In Japan, yakitori is very popular. It's almost like it's so normal that not many people take a moment to think about how great this cuisine is. Of course I love to spread the culture of yakitori in Japan, but when foreigners visit and experience yakitori, they're also very interested. I wanted to bring the beauty of yakitori outside of Japan. Once I visited New York, I felt that it's full of energy and many cultures, and it's the best place to start [doing that]. From there, it will go all over the world.

Thirteen years ago in Japan, the omakase style of yakitori was a minority. Now, it is more mainstream. [At that time], chicken would be grilled, but there were not many people cooking so many parts of the chicken, and everything was grilled at the same temperature for the same time. It was a delicacy, but it didn't have much technique. Now, more chefs are more interested in using each organ, each part of the chicken, and cooking them in different ways, and that led to these omakase-style yakitori restaurants [in Japan].

When a customer comes to the counter, they ask, "What is the best that you have today?" That's how omakase works for yakitori. Because it's omakase, we ask them what they cannot eat, but except for that, I show the customer what the best part of the meat is each day to let them enjoy and experience parts of the chicken they didn't know before.

Just like sushi, you start with something light and go toward something more rich, something more fatty. The toppings and accompaniments are seasonal vegetables, and the skewers vary with each season. With the chicken, there's a skinny season and a fatty season, so depending on that, I'll change the order of how I select the skewers. At this moment in the United States, I don't think people have the experience seeing different parts of the chicken in yakitori. My mission is to show them the beauty of the chicken.

From separating all the parts of the chicken with specific cuts, we can bring out the flavor and characteristics of each part of the meat. How each part cooks is different, so when I put the meat on the skewer, I calculate the thickness and the angle and everything so the chicken will taste the best. It takes a chef who knows everything about the chicken and everything about the grilling [process].

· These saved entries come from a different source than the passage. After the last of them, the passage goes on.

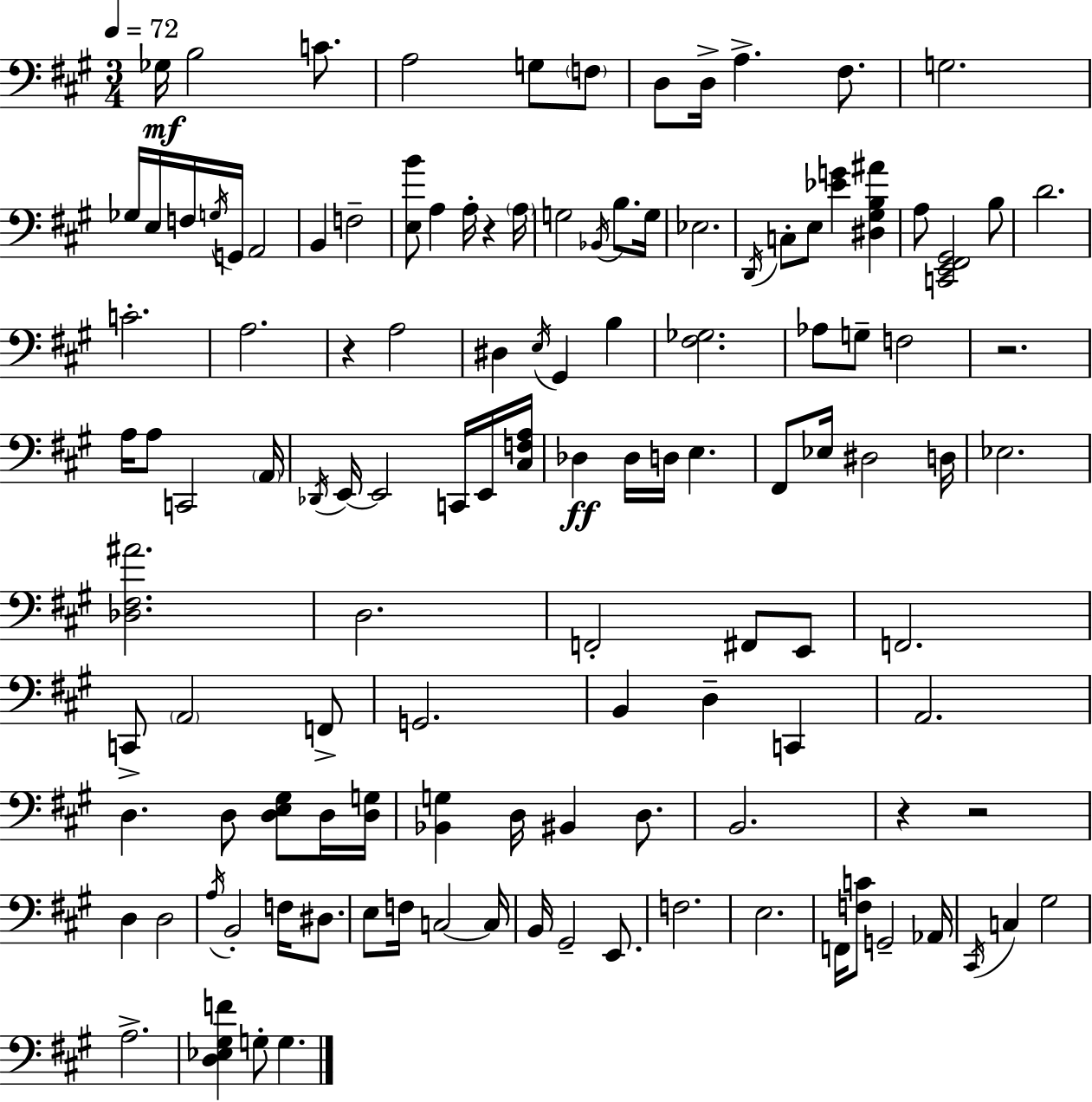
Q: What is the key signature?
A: A major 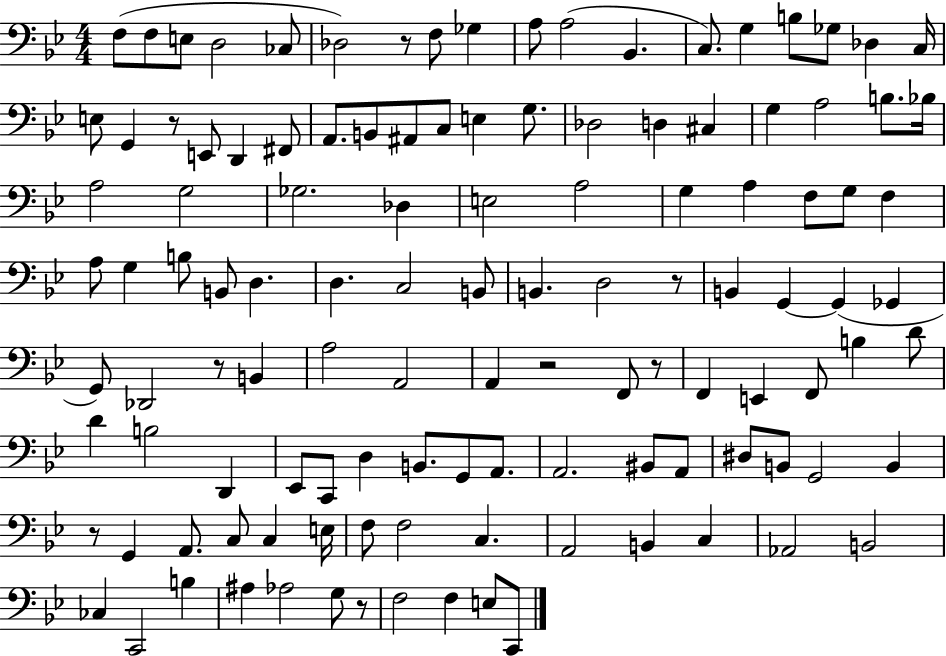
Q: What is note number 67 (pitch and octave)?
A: F2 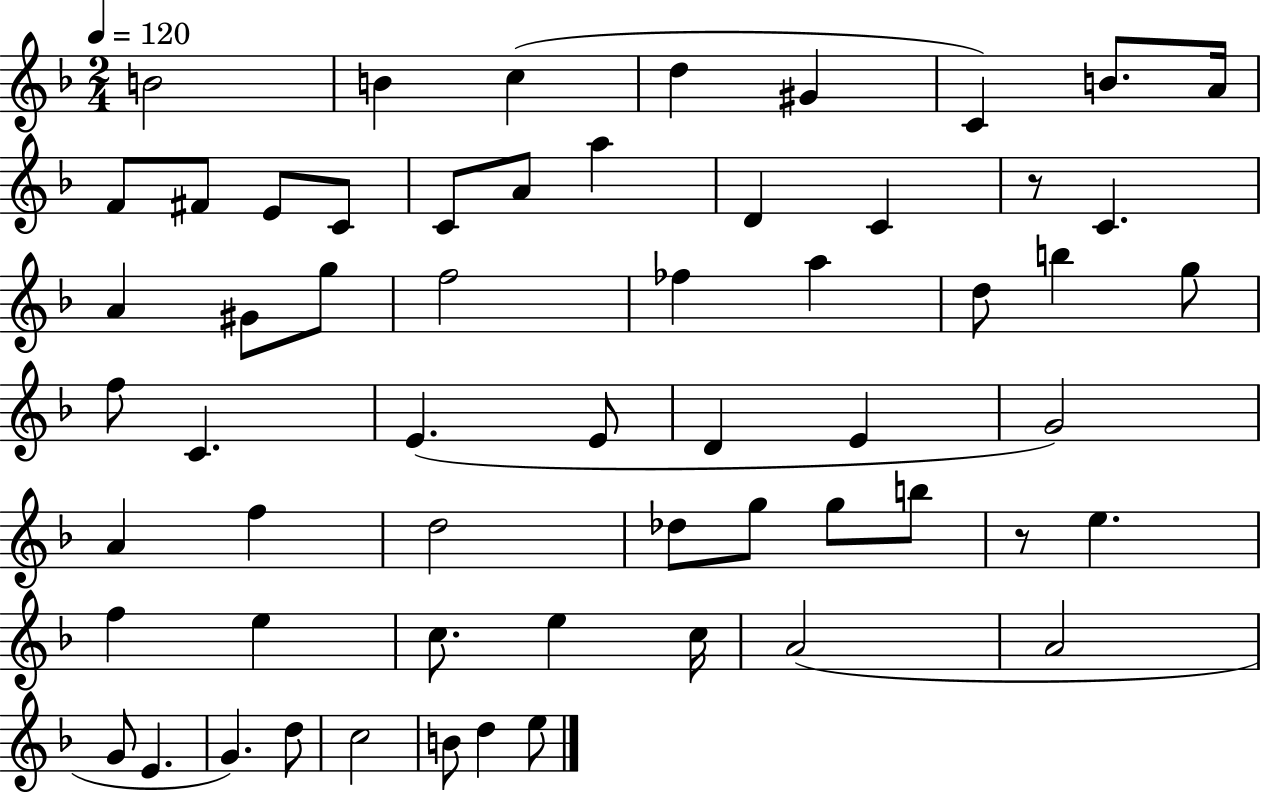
{
  \clef treble
  \numericTimeSignature
  \time 2/4
  \key f \major
  \tempo 4 = 120
  b'2 | b'4 c''4( | d''4 gis'4 | c'4) b'8. a'16 | \break f'8 fis'8 e'8 c'8 | c'8 a'8 a''4 | d'4 c'4 | r8 c'4. | \break a'4 gis'8 g''8 | f''2 | fes''4 a''4 | d''8 b''4 g''8 | \break f''8 c'4. | e'4.( e'8 | d'4 e'4 | g'2) | \break a'4 f''4 | d''2 | des''8 g''8 g''8 b''8 | r8 e''4. | \break f''4 e''4 | c''8. e''4 c''16 | a'2( | a'2 | \break g'8 e'4. | g'4.) d''8 | c''2 | b'8 d''4 e''8 | \break \bar "|."
} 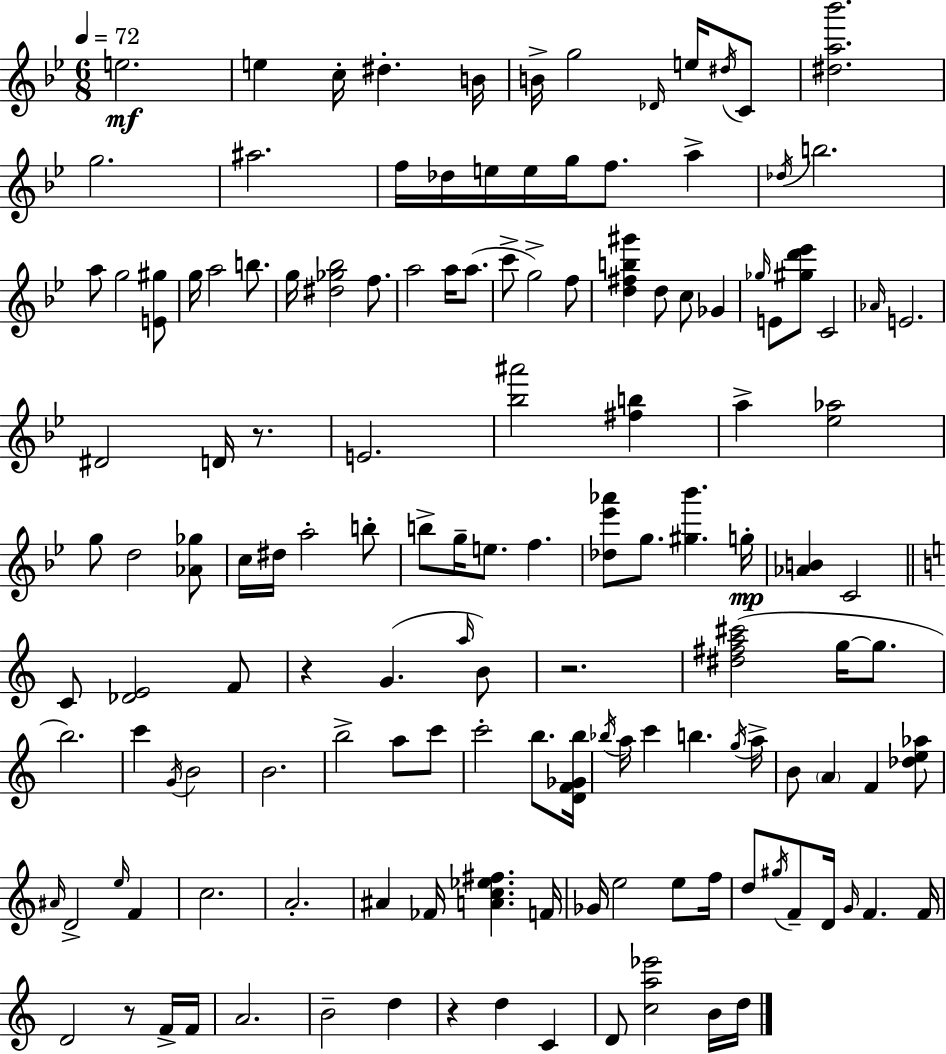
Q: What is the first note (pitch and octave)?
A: E5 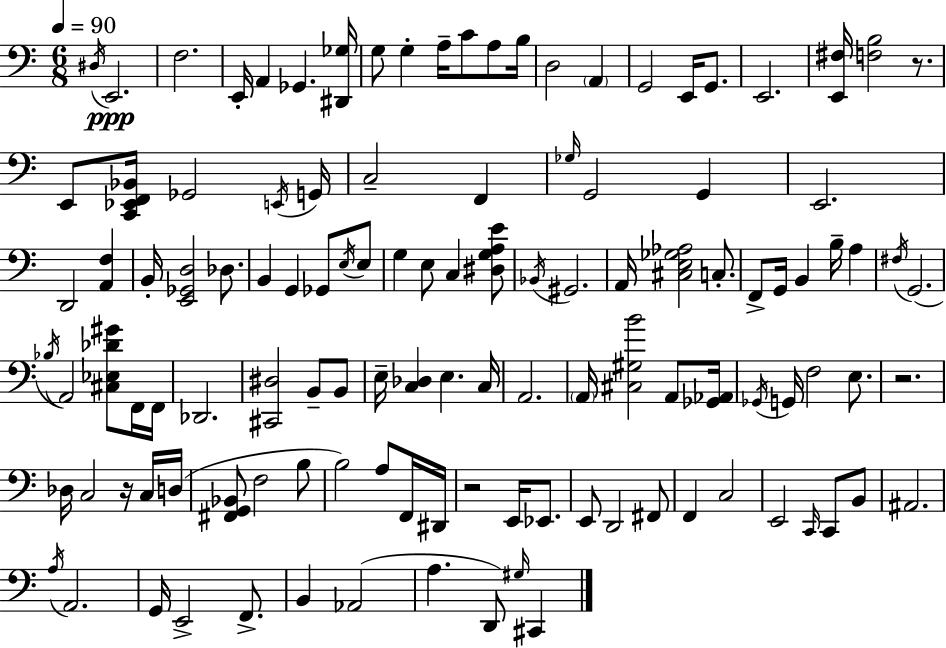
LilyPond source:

{
  \clef bass
  \numericTimeSignature
  \time 6/8
  \key a \minor
  \tempo 4 = 90
  \acciaccatura { dis16 }\ppp e,2. | f2. | e,16-. a,4 ges,4. | <dis, ges>16 g8 g4-. a16-- c'8 a8 | \break b16 d2 \parenthesize a,4 | g,2 e,16 g,8. | e,2. | <e, fis>16 <f b>2 r8. | \break e,8 <c, ees, f, bes,>16 ges,2 | \acciaccatura { e,16 } g,16 c2-- f,4 | \grace { ges16 } g,2 g,4 | e,2. | \break d,2 <a, f>4 | b,16-. <e, ges, d>2 | des8. b,4 g,4 ges,8 | \acciaccatura { e16 } e8 g4 e8 c4 | \break <dis g a e'>8 \acciaccatura { bes,16 } gis,2. | a,16 <cis e ges aes>2 | c8.-. f,8-> g,16 b,4 | b16-- a4 \acciaccatura { fis16 } g,2.( | \break \acciaccatura { bes16 } a,2) | <cis ees des' gis'>8 f,16 f,16 des,2. | <cis, dis>2 | b,8-- b,8 e16-- <c des>4 | \break e4. c16 a,2. | \parenthesize a,16 <cis gis b'>2 | a,8 <ges, aes,>16 \acciaccatura { ges,16 } g,16 f2 | e8. r2. | \break des16 c2 | r16 c16 d16( <fis, g, bes,>8 f2 | b8 b2) | a8 f,16 dis,16 r2 | \break e,16 ees,8. e,8 d,2 | fis,8 f,4 | c2 e,2 | \grace { c,16 } c,8 b,8 ais,2. | \break \acciaccatura { a16 } a,2. | g,16 e,2-> | f,8.-> b,4 | aes,2( a4. | \break d,8) \grace { gis16 } cis,4 \bar "|."
} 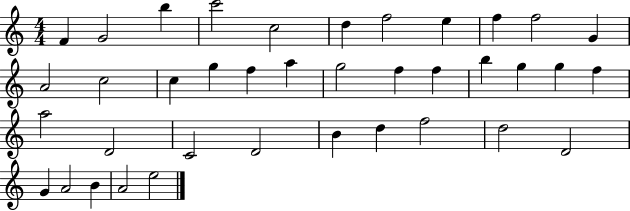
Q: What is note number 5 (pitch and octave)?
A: C5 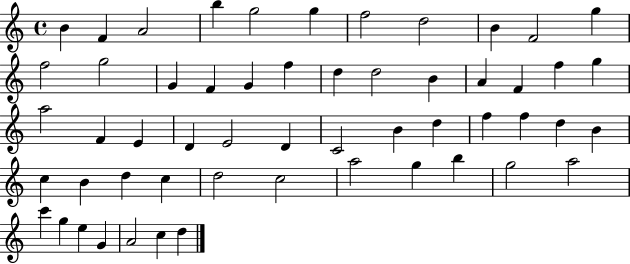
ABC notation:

X:1
T:Untitled
M:4/4
L:1/4
K:C
B F A2 b g2 g f2 d2 B F2 g f2 g2 G F G f d d2 B A F f g a2 F E D E2 D C2 B d f f d B c B d c d2 c2 a2 g b g2 a2 c' g e G A2 c d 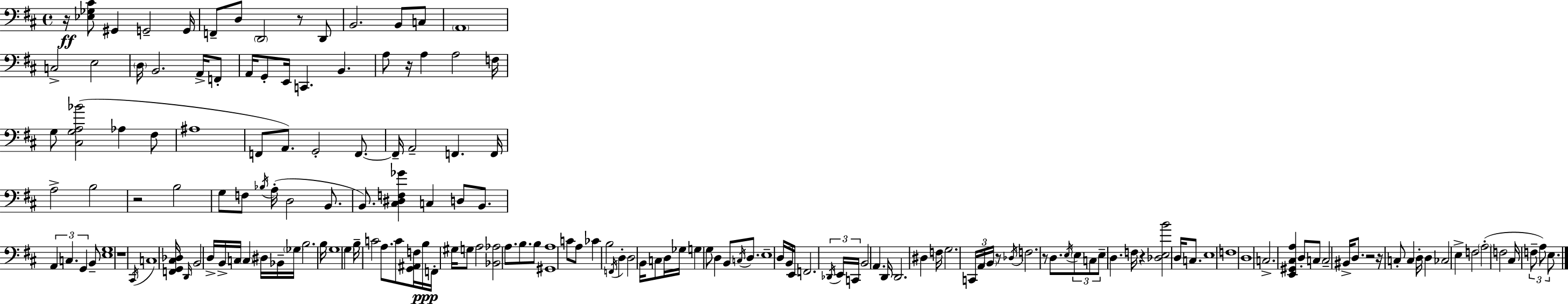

Another part that I love about dining omakase style is the counter seating. The chef can see the guest's face; I'm grilling and I'm looking at the guest for the perfect time to put the skewer on the plate. By doing that, the space unites; the kitchen and the customer's side are in one unit. It's about the full dining experience.

When you mention yakitori, I want people to know that omakase is the best way to [enjoy it]. Omakase sushi has been known in Japan forever, but in the US, it's just the last ten years that people have understood that as the best way to eat it. It just takes time, but eventually, people in America will understand that the best yakitori is omakase style.